ENCLAUSTRADOS XLVI. Flores y libertad

La buganvilla

Martes 28. La semana se ha iniciado perezosa al igual que viene ocurriendo con los días; perezosa y un tanto triste. En el ambiente siguen las nubes y nublinas llegando y el sol ausente. No obstante siempre hay lugar para la esperanza y la sonrisa cómplice. Cuando esta mañana me he asomado a una de mis ventanas he descubierto como del tronco añoso de una pequeña buganvilla han brotado ramas verdes con hojas minúsculas. Siento envidia de las flores de mi vecina de enfrente. Las mías siguen encerradas en su protesta de negativa a florecer. Pese a ello, la primavera sigue su camino con la luz rompiendo en mi habitación cada vez más temprano y unas tardes alargadas ya un buen rato tras los aplausos.

Renuncio hoy a salir de mi paseo real pasillo adelante y atrás por uno virtual de los que ya he realizado algunos con ustedes.
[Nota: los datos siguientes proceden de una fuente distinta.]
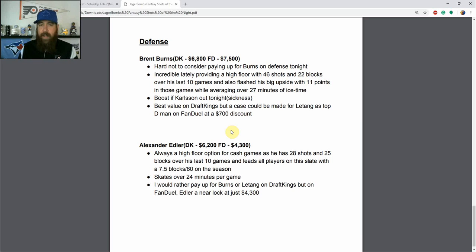Alexander Edler is $6,200 on DraftKings and a standout $4,300 on FanDuel. He's always a high-floor option for cash games with 28 shots and 25 blocks over his last 10 games, leading all players on this slate with 7.5 blocks per 60 on the season, skating over 24 minutes per game in all facets for the Canucks. On DraftKings I'd rather pay up for Burns or Letang, but on FanDuel he's a near lock at $4,300 for the high floor he provides. He also offers some salary relief upside in GPP formats.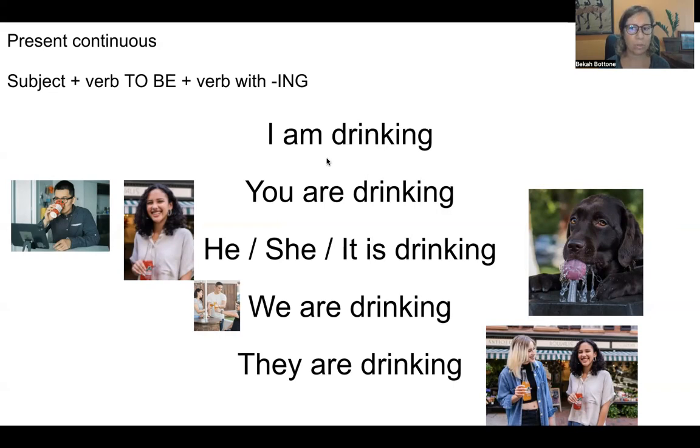Repeat after me. I am drinking. You are drinking. He is drinking. She is drinking. It is drinking. Here, 'it' can be the dog — we don't know if it's a girl or a boy.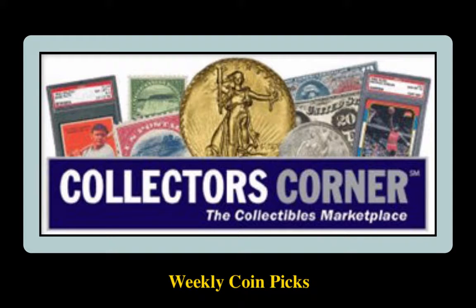Collector's Corner Coin Picks for the week of March 26, 2018. As of today, there are over 76,000 coins available for sale valued at $142 million. This week's coin picks come from JJ Tea Party Incorporated.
Tras oír las noticias y antes de que comience la tertulia de Alsina me pregunto si no nos están proponiendo al metacrilato como solución global a lo que han venido en llamar desescalada cuando, yo al menos, no he escalado a ningún lugar y por ende no tengo que bajar de ningún sitio ni desescalar lo escalado. Tendré que proceder a un desesclaustramiento o desconfinamiento de forma graduada o de inmediato y con todo, pero de desescalar nada, ni siquiera he subido al Cascarín.

Y volviendo al metacrilato, y ya al menos en la vuelta veinte del pasillo, tras ver las mamparas que nos quieren instalar en bares y restaurantes, vengo en pensar  que  tenía razón Kiko Veneno cuando allá en la época de Malasaña cantaba aquello de “Y entre nosotros/un muro de metacrilato/no nos deja olernos/ ni manosearnos”.

Las flores de la vecina de enfrente

 Ya en el paseo de la tarde,  sigo un tanto asombrado la tertulia de Julia Otero que, aupada a unas elucubraciones etéreas que solo se plantean en las tertulias y quiere dirigir la Elisa Beni pontificando que la libertad es lo más importante en el mundo, e incluso en el más allá. Cuando alguien le dice que la libertad no tiene sentido si no hay qué comer, se encabrita y, con el tal de no ceder. aseguraba que incluso la salud esta antes que el comer. Y yo, en mi simpleza, me digo que si no hay comida ni para uno ni para los suyos, la libertad se la trae al pairo. Y me pregunto seguidamente, ¿cómo va a haber salud sino se come?. En fin, formas de pasar la tarde.

Esto del enclaustramiento también trae sus descubrimientos. Creo que, no solo yo, sino muchos más hemos descubierto que se puede vivir sin fútbol y sin que desde unos y otros medios nos vuelvan locos con que si estos fichan a Juan, los otros a Pedro o aquellos al Chiquilicuatre. Nos hemos olvidado de ello.

Y otro tanto debe ocurrir con el famoseo y sus formas de vivir del cuento. Al no haber actos del tipo en que ellos y ellas se mueven con gran soltura y despelote, en sus dos sentidos, sus ingresos se han visto notablemente mermados. Al hilo de ello conecto Tele 5 para comprobar y allí me encuentro al ínclito Jorge Javier dale que te dale al sublime cotilleo y mamoneo, aunque creo adivinar, cada uno desde su casa. Cosas veredes.

Y es que hay cosas y casos con los que ni el coronavirus puede.